Parole, parole
“Les conditions dans lesquelles les salariés exercent leur travail et leur capacité à s’exprimer et à agir sur le contenu de celui-ci déterminent la perception de la Qualité de Vie au Travail qui en résulte » (ANI du 19 juin 2013 vers une politique d’amélioration de la QUALITE DE VIE AU TRAVAIL ET L’EGALITE PROFESSIONNELLE ). Cette expression des salariés sur leur travail fut une des ambitions des lois Auroux. Seule la parole résout les conflits, sans elle pas d’intelligence collective ni de reconnaissance, pas de coopération efficace. L’expression des salariés doit permettre de conjuguer l’amélioration des conditions de leur activité et la compétitivité de l’entreprise.
Les EDD de l’ANI
L’article 12 de l’ANI encourage et favorise l’expression des salariés sur leur travail à travers la création d’espace de discussion (EDD) qui “s’organiseront sous la forme de groupes de travail entre salariés d’une entité homogène de production ou de réalisation d’un service. Ils peuvent s’organiser en présence d’un référent métier ou d’un facilitateur chargé d’animer le groupe et d’en restituer l’expression et comportent un temps en présence de leur hiérarchie. (…). Les restitutions validées par le groupe sont portées à la connaissance de la hiérarchie et des institutions représentatives du personnel.” Si le texte laisse à l’entreprise, aux hommes et femmes qui y travaillent, la liberté d’organisation des EDD, en revanche la restitution aux IRP et à la hiérarchie est requise.
Parler de son travail : comment, avec qui, pour quelles finalités ?

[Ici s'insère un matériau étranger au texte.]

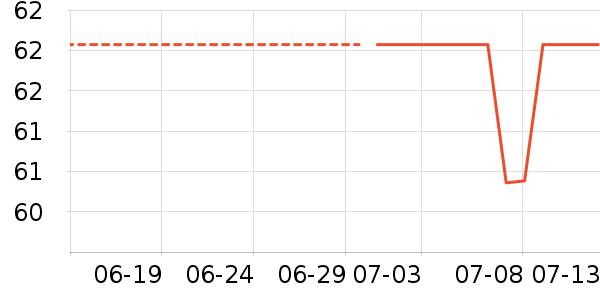 ľ��ҫ˾˫�����ʷ�۸�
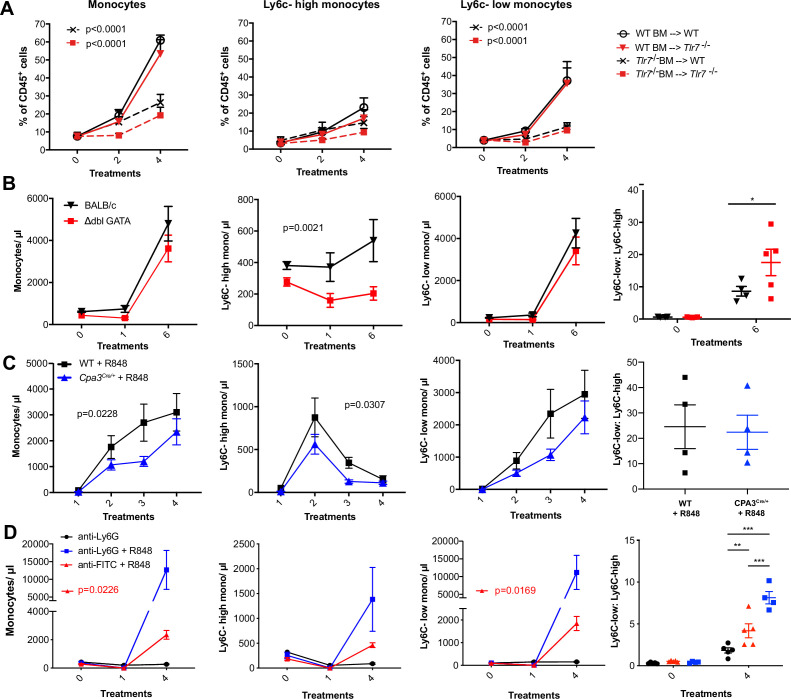 Figure 3—figure supplement 1.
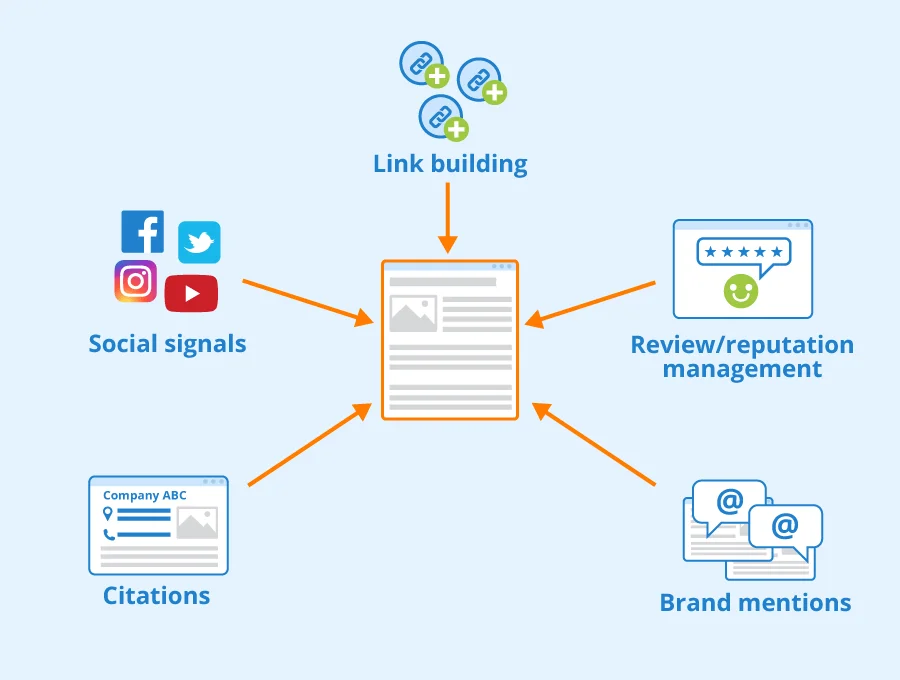 Free Off Page SEO Sites in Hindi 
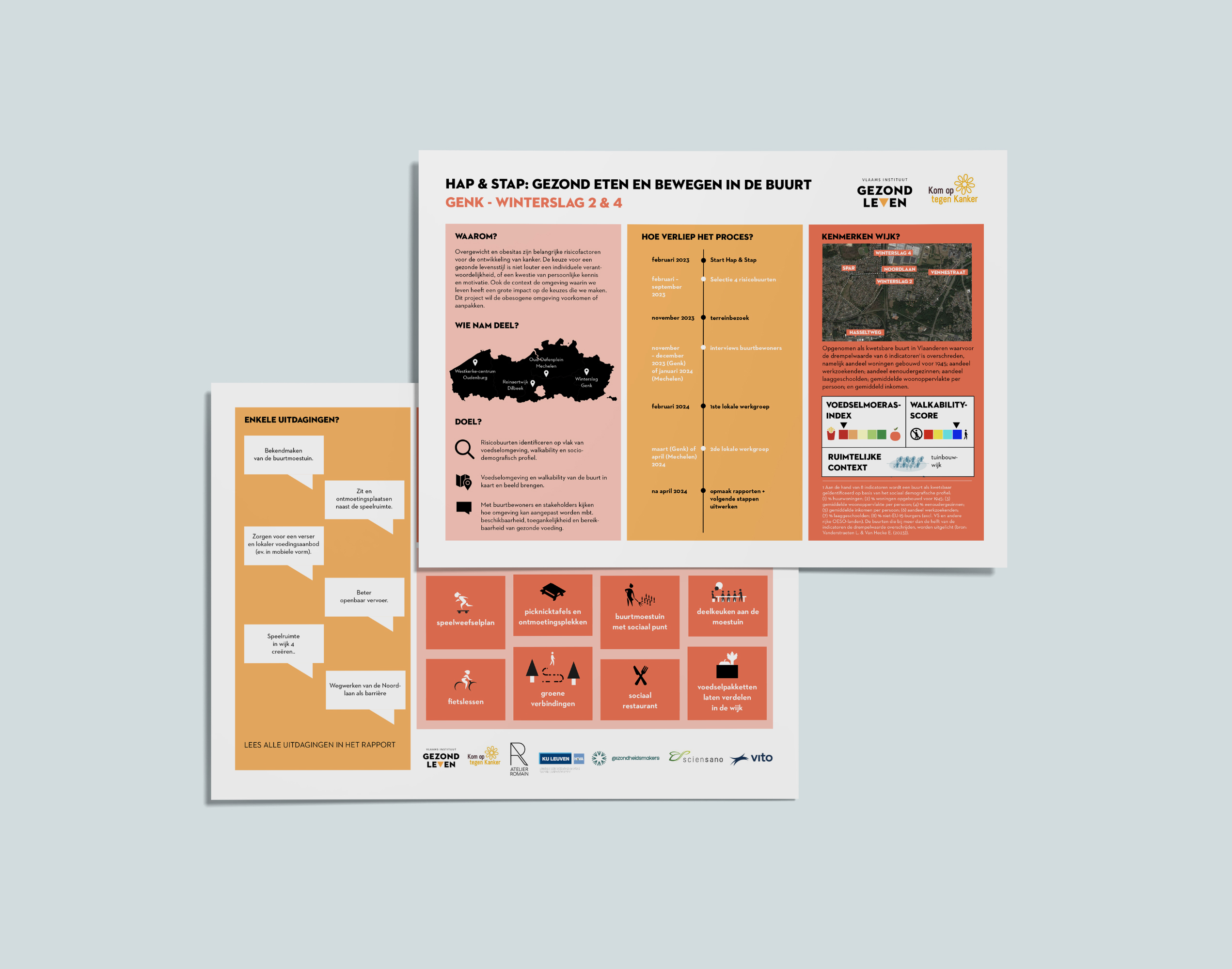 Infographic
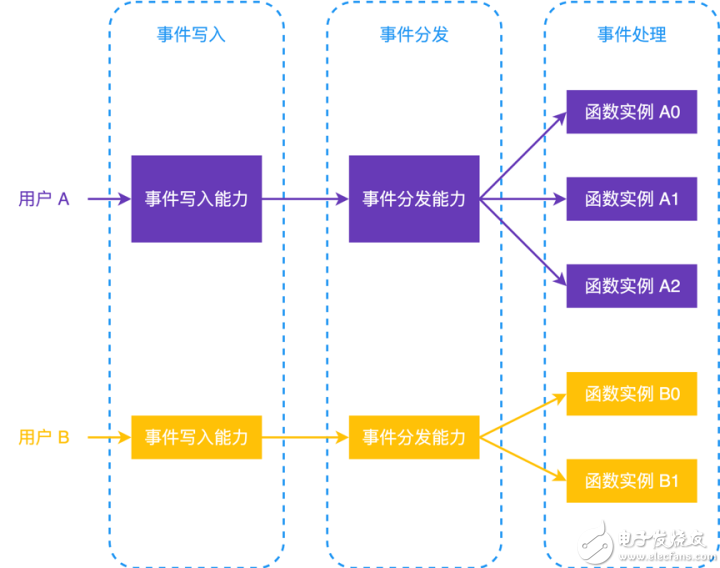 serverless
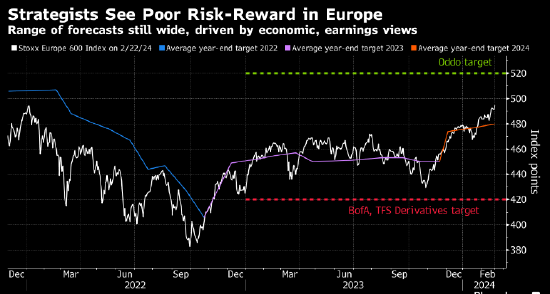 欧洲股市从纪录高位回落 投资者等待经济数据出炉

2 ans après la signature de l’ANI du 19 juin 2013, c’est l’expression des salariés qui était à l’honneur pendant la 12ème semaine de la Qualité de Vie au Travail (QVT) organisée par l’ANACT du 15 au 19 juin dernier. Le 18 juin, un point d’étape sur les réalisations dans le territoire francilien était proposé. On imagine que des personnes bien dans leur travail feront des acteurs efficaces de la vie sociale et économique de la région, amorçant la spirale vertueuse de la confiance. Sans aller si loin Laurent Vilbœuf Directeur régional à la DIRECCTE IDF(*) a insisté sur la dimension stratégique de la bonne QVT des salariés de la région (5 millions de personnes), d’autant plus dans une période tendue économiquement. Puis Marie Madeleine Perétié, chargée de l’ingénierie et du transfert à l’ARACT IDF a présenté les grandes lignes des résultats du sondage mené par l’ANACT et l’Institut Harris Interactive sur l’expression des salariés.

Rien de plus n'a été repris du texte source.